Лицо Кубышкина освещала все та же полубезумная улыбка, что и на тренинге.
— Максим Алексеевич, браво! Я восхищен! Вы прямо-таки зарядили нас энергией. Как будто на сеанс терапии сходил!
— Это тоже в своем роде терапия.
— Я читал вашу книгу о дискурсе, — сказал учитель. — Великолепный подход. Революционный даже.
— Славно.
— Скажите, пожалуйста, в чем все-таки основное различие между либеральным дискурсом и патриотическим?
Навязчивость Кубышкина раздражала. Крупными глотками я осушил стакан с соком и произнес:
— Различия не столь уж фундаментальные. Представьте себе черно-белый мир, как на старых фотографиях. Представили?

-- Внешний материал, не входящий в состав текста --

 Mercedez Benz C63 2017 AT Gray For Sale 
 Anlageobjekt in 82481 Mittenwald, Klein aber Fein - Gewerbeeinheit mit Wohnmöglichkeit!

— Это несложно, — сказал довольный педагог.
— Так вот, для либералов и для патриотов мир черно-белый. Остальные цвета — это оттенки черного и белого, их вариации. Причем то, что для патриотов белое, либералами видится исключительно в черных тонах. И напротив, то, что является светом для либералов, патриоты воспринимают как мрак. Например, для патриотов белое — это Кремль и парад на День Победы, а черное — это гей-парад и «Макдоналдс». Для либералов наоборот. И неважно, что Кремль красный, парад на День Победы — цвета хаки, а гей-парад, хм, голубой. Даже одних и тех же людей эти социальные группы называют по-разному: Айн Рэнд для кого-то не больше, чем Алиса Розенбаум.
— Ничего себе, — вымолвил Кубышкин.
— Я как раз пишу продолжение книги «Быть в дискурсе». Там расскажу об этом подробнее.
Учитель замялся.
— Максим Алексеевич, а вы за кого, — спросил он, — за либералов или патриотов?
— Не сочтите за высокомерие, но я за здравый смысл.
После обеда я наконец-то добился от Рыжова программки. Видимо, Антонина настучала ее на клавиатуре прямо в кабинете информатики.
Четверг, 19 октября
12:00–14:00 — тренинг для учителей «Коллективная сплоченность».
15:00–17:00 — тренинг для учеников «Дорога в жизнь».